What is expected
Reproduce exactly the lines from the one containing "unfurnished room featuring" through the end of the listing, minus the pictures.

Data provided
BEGIN
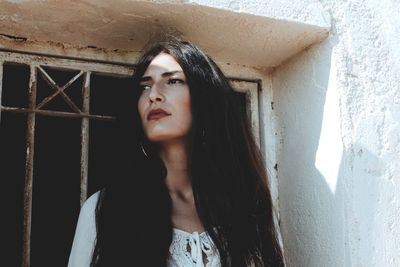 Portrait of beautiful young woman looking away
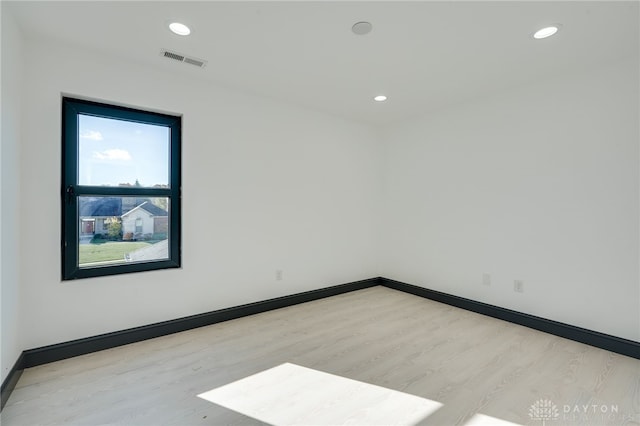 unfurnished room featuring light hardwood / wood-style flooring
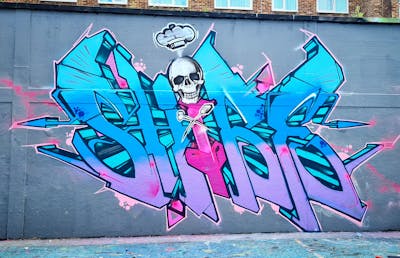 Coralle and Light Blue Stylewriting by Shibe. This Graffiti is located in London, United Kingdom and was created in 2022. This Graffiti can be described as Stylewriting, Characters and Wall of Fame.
END
Answer space
 unfurnished room featuring light hardwood / wood-style flooring
 Coralle and Light Blue Stylewriting by Shibe. This Graffiti is located in London, United Kingdom and was created in 2022. This Graffiti can be described as Stylewriting, Characters and Wall of Fame.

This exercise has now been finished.